"Efendim Su?"
"Oturabilir miyim?" Su, az önceki duygu karmaşasını atlatamadığı için biraz ürkekçe sormuştu.
"Tabii ki, sormana gerek yok." Toprak koltukta yana kayıp bilgisayarın ekranını kapattı. Kızın bir sıkıntısı olduğunu görebiliyordu. "Bir şey mi oldu?"
Kız utanarak başını salladı. Gözlerinin dolması ona çocuğun gözlerine bakma konusunda hiç yardımcı olmuyordu.
"Çok üzülüyorum," dedi.
Toprak çaresizce kaşlarını çattı. Ona yardım edebilmek istiyordu ama elinden hiçbir şey gelmiyordu. Su'nun yanağından süzülen küçük damlayı izledi. Damlayı silmek için bile olsa dokunmamalıydı ona, Su'yu daha fazla ürkütmek istemiyordu.
"Seni nasıl mutlu edebileceğimi bilmiyorum Su. Belki benimle konuşursan yardımcı olabilirim?"

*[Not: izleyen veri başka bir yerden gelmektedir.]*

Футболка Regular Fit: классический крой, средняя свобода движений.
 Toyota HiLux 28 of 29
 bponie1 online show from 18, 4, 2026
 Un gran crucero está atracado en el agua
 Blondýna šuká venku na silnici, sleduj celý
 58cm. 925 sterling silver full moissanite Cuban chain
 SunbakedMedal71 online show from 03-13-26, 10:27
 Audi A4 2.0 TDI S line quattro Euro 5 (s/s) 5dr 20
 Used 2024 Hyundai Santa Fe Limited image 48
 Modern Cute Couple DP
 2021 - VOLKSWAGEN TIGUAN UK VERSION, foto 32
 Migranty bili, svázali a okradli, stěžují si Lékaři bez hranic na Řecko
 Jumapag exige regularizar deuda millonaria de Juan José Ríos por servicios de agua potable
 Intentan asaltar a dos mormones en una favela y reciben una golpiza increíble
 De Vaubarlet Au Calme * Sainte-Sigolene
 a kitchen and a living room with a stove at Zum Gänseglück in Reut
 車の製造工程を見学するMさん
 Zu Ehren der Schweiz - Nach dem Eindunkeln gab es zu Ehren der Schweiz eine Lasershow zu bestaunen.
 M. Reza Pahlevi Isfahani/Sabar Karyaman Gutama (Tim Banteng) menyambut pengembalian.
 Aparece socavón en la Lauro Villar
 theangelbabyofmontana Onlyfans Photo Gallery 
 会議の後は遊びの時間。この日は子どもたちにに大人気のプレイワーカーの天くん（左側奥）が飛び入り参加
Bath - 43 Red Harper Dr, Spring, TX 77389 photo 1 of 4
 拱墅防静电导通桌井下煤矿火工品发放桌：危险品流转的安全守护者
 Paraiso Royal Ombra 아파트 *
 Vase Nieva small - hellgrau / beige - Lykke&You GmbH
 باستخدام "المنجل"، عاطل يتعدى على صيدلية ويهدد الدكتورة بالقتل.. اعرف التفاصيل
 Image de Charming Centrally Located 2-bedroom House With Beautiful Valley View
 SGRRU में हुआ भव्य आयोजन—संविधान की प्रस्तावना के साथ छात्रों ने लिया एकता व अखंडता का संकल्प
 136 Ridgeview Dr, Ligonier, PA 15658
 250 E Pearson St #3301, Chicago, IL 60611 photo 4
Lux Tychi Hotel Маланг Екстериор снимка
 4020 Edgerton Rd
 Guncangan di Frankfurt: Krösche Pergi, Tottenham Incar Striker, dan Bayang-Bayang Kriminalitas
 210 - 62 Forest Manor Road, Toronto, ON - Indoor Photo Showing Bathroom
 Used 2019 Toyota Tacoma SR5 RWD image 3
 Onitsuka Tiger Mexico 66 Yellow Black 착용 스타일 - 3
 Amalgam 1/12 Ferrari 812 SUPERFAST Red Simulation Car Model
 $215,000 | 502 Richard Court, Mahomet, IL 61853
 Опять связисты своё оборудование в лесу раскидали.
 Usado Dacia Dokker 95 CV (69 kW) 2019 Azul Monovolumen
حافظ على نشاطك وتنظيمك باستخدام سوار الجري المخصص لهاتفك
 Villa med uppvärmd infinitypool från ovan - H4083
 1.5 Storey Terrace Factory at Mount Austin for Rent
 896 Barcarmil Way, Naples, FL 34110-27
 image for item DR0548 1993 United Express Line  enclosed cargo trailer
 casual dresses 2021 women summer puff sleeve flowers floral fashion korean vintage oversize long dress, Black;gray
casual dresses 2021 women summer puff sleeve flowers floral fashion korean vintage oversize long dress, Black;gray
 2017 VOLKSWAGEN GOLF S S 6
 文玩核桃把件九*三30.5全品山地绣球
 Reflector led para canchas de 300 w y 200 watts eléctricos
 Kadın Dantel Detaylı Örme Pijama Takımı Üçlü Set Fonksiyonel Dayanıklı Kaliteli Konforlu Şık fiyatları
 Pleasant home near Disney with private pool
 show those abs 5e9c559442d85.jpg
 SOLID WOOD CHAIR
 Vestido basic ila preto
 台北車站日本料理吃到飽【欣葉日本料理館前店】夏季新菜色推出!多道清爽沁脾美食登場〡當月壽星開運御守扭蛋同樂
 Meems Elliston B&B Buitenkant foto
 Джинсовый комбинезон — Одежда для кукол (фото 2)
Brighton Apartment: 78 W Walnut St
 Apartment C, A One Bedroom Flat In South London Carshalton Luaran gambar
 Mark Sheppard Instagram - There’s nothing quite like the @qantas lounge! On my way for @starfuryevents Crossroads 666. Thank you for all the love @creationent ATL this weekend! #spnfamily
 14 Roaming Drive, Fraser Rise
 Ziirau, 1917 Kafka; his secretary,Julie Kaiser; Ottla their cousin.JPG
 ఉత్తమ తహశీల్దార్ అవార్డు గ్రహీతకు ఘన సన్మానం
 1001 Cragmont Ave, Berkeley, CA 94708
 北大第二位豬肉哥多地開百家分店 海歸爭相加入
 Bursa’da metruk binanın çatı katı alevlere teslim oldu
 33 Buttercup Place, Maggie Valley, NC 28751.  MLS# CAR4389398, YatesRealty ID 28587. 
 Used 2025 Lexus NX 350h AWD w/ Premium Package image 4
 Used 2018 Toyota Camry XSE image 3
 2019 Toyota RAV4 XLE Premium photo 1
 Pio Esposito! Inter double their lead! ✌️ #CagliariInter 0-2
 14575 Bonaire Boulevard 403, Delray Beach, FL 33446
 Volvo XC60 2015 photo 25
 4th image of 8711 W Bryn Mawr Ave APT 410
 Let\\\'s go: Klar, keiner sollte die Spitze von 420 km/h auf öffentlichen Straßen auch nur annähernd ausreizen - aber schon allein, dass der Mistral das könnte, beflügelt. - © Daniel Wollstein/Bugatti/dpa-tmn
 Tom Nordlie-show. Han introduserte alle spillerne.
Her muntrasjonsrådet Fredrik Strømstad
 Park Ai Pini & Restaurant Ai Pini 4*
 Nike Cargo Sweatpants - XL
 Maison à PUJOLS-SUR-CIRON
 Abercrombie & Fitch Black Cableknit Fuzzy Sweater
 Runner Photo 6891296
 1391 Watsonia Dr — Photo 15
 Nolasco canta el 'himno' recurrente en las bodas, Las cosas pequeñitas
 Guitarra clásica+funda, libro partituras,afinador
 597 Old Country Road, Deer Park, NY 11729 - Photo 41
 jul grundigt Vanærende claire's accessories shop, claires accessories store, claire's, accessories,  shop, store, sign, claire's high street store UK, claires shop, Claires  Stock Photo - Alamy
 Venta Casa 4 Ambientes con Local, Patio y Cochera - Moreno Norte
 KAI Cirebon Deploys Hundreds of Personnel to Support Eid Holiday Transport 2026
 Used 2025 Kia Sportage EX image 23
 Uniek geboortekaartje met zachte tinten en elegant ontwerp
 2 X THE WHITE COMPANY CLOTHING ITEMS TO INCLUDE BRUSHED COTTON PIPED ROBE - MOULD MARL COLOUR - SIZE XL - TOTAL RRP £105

Yutkundu kız. Toprak'ın kızacağını düşündüğü için sakladığı sırrını söylemek istiyordu artık.
"Benim bir oğlum var," dedi. Gülümsedi Toprak.
"Biliyorum, birkaç ay sonra o da yanımızda olacak. Adını ne koyacağına karar verdin mi? Odasını yaptık, kıyafetlerini ve oyuncaklarını aldık, geriye bir tek o kaldı."
Onu reddetti, başını iki yana salladı Su. Ağlaması daha da şiddetlenmişti.
"O değil," diye mırıldandı. Şimdi Toprak şaşırmıştı işte. Su'nun karnındaki bebekten başka bebeği olduğunu bilmiyordu.
"Doruk'u bana vermediler..."
Bir kaldırımın köşesinde buldum hayalimi.
Gözlerimi kapattım, bıraktım avucuna kalbimi.
Dedi ki, sonuna kadar tutacak mısın elimi?
İçimden cevapladım, birlikte tırmanacağız tüm merdivenleri.
Mumlar üfledim, dilekler diledim.
Kayan her yıldızda adını sayıkladı dilim.
Ve o bana doğru tek bir adım geldiğinde
Ben hiç gitmesin diye bütün yolları denedim.
🏀
"Doruk?" dedim heyecanla. Bakışları yüzümde oyalanmaya devam ettikçe duramadım yerimde. Bir şey söyleyecekti. Bir şey söylemek için buradaydı. "Kaptın mı formayı?"
"Feza," dedi ve seri adımlarla ona doğru ilerlediğim sırada o da birkaç adım yaklaştı bana. Sadece ismimi söylemişti ama heyecanını yansıtması için bu yeterliydi. Devam etmesini beklerken kalbim yerinden çıkacak gibiydi. "Kaptık formayı."